The Universe is a figment of its own imagination.
---
[ comp.std.c++ is moderated.  To submit articles, try just posting with ]
[ your news-reader.  If that fails, use mailto:std-c++@ncar.ucar.edu    ]
[              --- Please see the FAQ before posting. ---               ]
[ FAQ: http://reality.sgi.com/austern_mti/std-c++/faq.html              ]





Author: rdamon@BeltronicsInspection.com (Richard Damon)
Date: 1998/07/23
Raw View
bbrunswick@my-dejanews.com wrote:

>In article <6p063o$8kt$1@shell7.ba.best.com>,  ncm@nospam.cantrip.org (Nathan
>Myers) wrote:
>> Omitting unused virtual functions is an important tool for eliminating
>> some bloat, but weak references by themselves (as Pete likes to remind
>> us) are not sufficient to omit unused virtual functions; that takes a
>> linker extension.
>
>Surely that turns out not to be the case.
>
>Isn't it sufficient for the compiler to generate the vtbl filled with
>weak references, and then each virtual function call to use a symbol to
>get the offset in the vtbl that it should use. Those symbols get defined
>with the virtual function definition, meaning its only pulled in if needed.
>
Reference to Base::fun needs to force loading of Derived::fun, even though
usages of Base need never have seen Derived. You also need some form of reverse
hook which says if you load A you need to load B also.

--
richard_damon@iname.com (Redirector to my current best Mailbox)
rdamon@beltronicsInspection.com (Work Adddress)
Richad_Damon@msn.com (Just for Fun)


[ comp.std.c++ is moderated.  To submit articles, try just posting with ]
[ your news-reader.  If that fails, use mailto:std-c++@ncar.ucar.edu    ]
[              --- Please see the FAQ before posting. ---               ]
[ FAQ: http://reality.sgi.com/austern_mti/std-c++/faq.html              ]
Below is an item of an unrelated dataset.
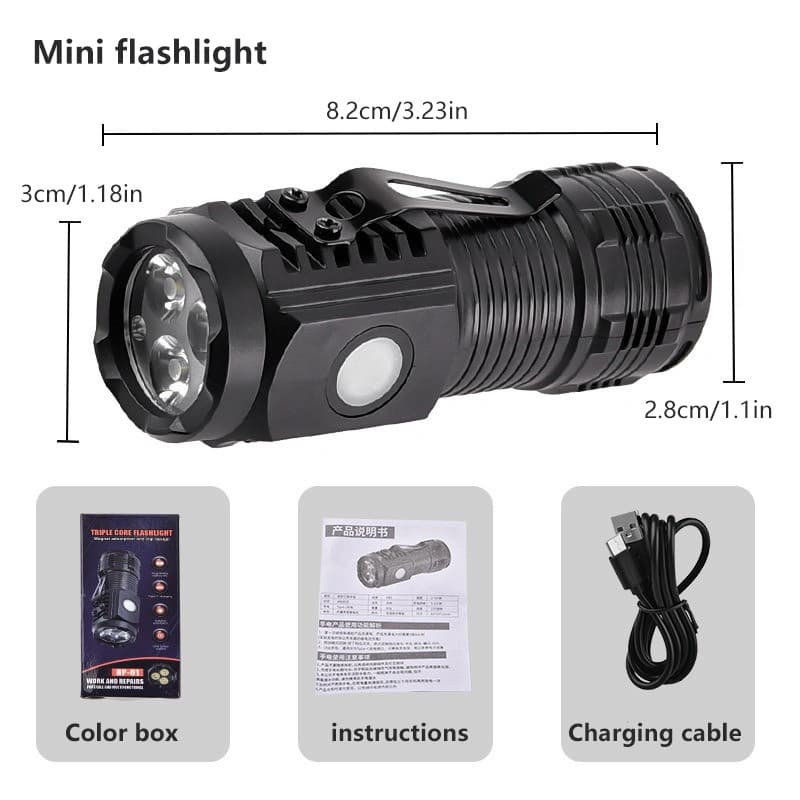 Фонарь HP01B-3LED, Li-Ion аккумулятор, ЗУ Type-C, магнит, Box — фото 3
Author: Pete Becker <petebecker@acm.org>
Date: 1998/07/24
Raw View
Richard Damon wrote:
>
> >
> Reference to Base::fun needs to force loading of Derived::fun, even though
> usages of Base need never have seen Derived. You also need some form of reverse
> hook which says if you load A you need to load B also.

That's right, but you have to be careful how you say it. It's easy for
the module that defines A to say that if A gets loaded B must also get
loaded. That's routine stuff. It's harder from the other end: the module
that defines B needs to be able to say that if A gets loaded, B must
also get loaded.

--
Pete Becker
Dinkumware, Ltd.
http://www.dinkumware.com
---
[ comp.std.c++ is moderated.  To submit articles, try just posting with ]
[ your news-reader.  If that fails, use mailto:std-c++@ncar.ucar.edu    ]
[              --- Please see the FAQ before posting. ---               ]
[ FAQ: http://reality.sgi.com/austern_mti/std-c++/faq.html              ]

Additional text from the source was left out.